In a progress report issued ahead of the hearing, the State Department detailed those efforts, saying it has created new diplomatic security positions and deployed 17 new Marine Corps detachments in conjunction with the Defense Department.

Noting attacks on U.S. diplomatic missions date back decades, lawmakers on both sides of the aisle blasted the State Department for failing to implement changes before the attack at the Libyan consulate. Gowdy pointed to recommendations from 1999, which were issued by an accountability board following several attacks on U.S. diplomatic missions in Africa.

“It is stunning to see the similarities in the recommendations made decades ago and the recommendations made after Benghazi,” Gowdy said in his opening statement. “We do not suffer from a lack of recommendations. We do suffer from a lack of implementing and enacting those recommendations. … So it is appropriate to review the recommendations of the most recent (Accountability Review Board).”

Convened by then-Secretary of State Hillary Clinton in the weeks following the Libya attack, the Benghazi Accountability Review Board offered a list of 29 recommendations, 24 of which are unclassified. Twenty-two of the recommendations, Starr said Wednesday, have been fully implemented, and the State Department is working to implement the other seven.

Those seven, Starr said, are more “evergreen” recommendations like language training programs, which will take sustained effort and time to complete.
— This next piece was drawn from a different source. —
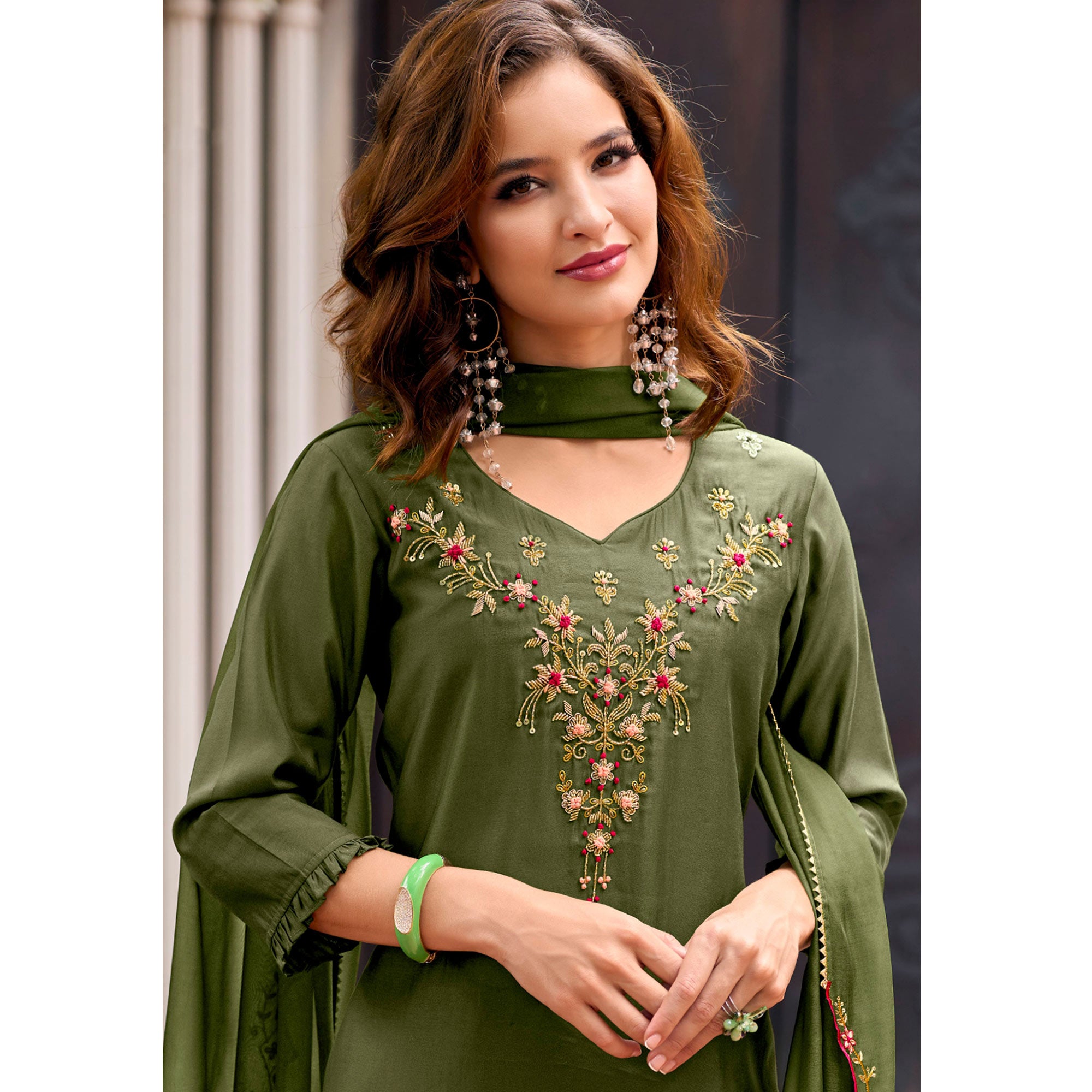 Green Floral Embroidery Chanderi Silk Suit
Following the board’s recommendation, the State Department created an independent “panel of outside independent experts (military, security, humanitarian) with experience in high-risk, high-threat areas to support (the department), identify best practices … and regularly evaluate U.S. security platforms in high-risk, high-threat posts.”

The department’s independent panel produced its own set of nearly 40 recommendations. Members of that independent panel who testified before Gowdy’s committee Wednesday also said nearly all of their suggestions had been implemented.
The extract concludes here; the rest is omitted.